De onzekerheid en de vragen groeien met de dag. Bestaat die vrouw wel echt of is het een waanbeeld. Elke keer dat hij haar ziet, of misschien dus wel meent te zien, steekt ze haar hand op en is vervolgens spoorloos verdwenen. De ene keer is het een vrouw van middelbare leeftijd, dan een jonge vrouw of is het een oudere dame maar altijd wordt die hand opgestoken. Inmiddels meent hij zeker te weten dat het niet één vrouw is en dat maakt het probleem alleen maar groter. Waarom steken vrouwen van blijkbaar verschillende leeftijden maar wel allemaal met dat nog niet plaatsbare loopje, slanke gestalte, lange benen en kleine kontje, hun hand naar hem op? Hij is de enige die gek wordt van de onzekerheid. Zijn hond lijkt langzaam aan het ‘verschijnsel’ te wennen. Als hij met de hond loopt en haar niet ziet, doet zijn hond dat wel. Hij blaft nog wel maar de angst lijkt wel wat te minderen. ’s Avonds staat hij niet meer als een dolle bij de achterdeur. Hij loopt er wel naar toe en jankt dan een beetje maar meer niet. Voor een beest is het blijkbaar makkelijker om aan iets onverklaarbaars te wennen maar als je gezegend bent met een gezond verstand, lukt dat niet zomaar. Hoewel… gezond verstand?

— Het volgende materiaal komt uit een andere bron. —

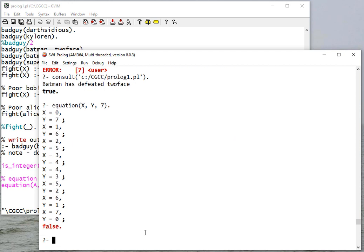So that's a pretty powerful thing that Prolog can do. It can find the value for any of these parameters that I make variables. So if you run an equation function in Java, for example, it would need to know X and Y so that it could give you seven, or give you the result.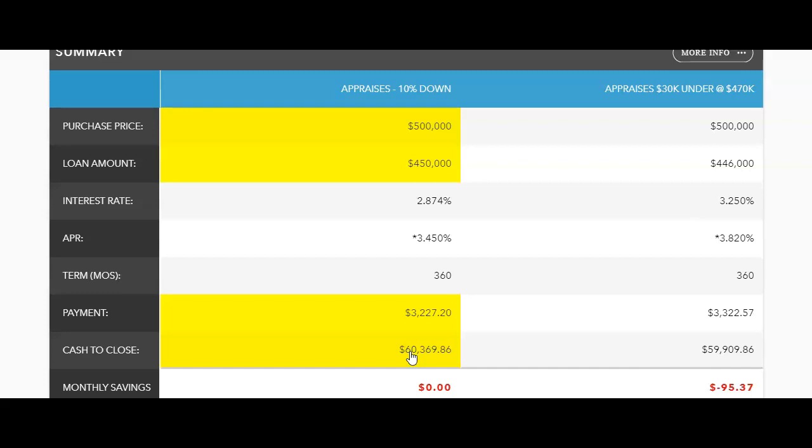so it appraised at $470,000, and most people think, well, then I have to make up the difference of $30,000 because that's the difference between the sales price and what it actually appraised at. But what you see here from our chart,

Hij droomt. Meneer van der Bos geeft wiskunde en vraagt hem hoe je de inhoud van een cilinder berekent. Kwart pi D in het kwadraat maal de hoogte wil hij zeggen maar hij krijgt het niet uit zijn mond. Hij zegt het wel maar er komt geen geluid. Eerst is er de verbazing. Dan de angst. Hij probeert het keer op keer maar het gaat niet. De klas wacht en als ze hem zien worstelen, beginnen ze te lachen. Steeds harder en ook meneer van der Bos doet mee. Paniek slaat toe en plotseling zit daar, schuin voor hem, de blonde en slanke vrouw. Met een schreeuw springt hij op en wijst naar haar.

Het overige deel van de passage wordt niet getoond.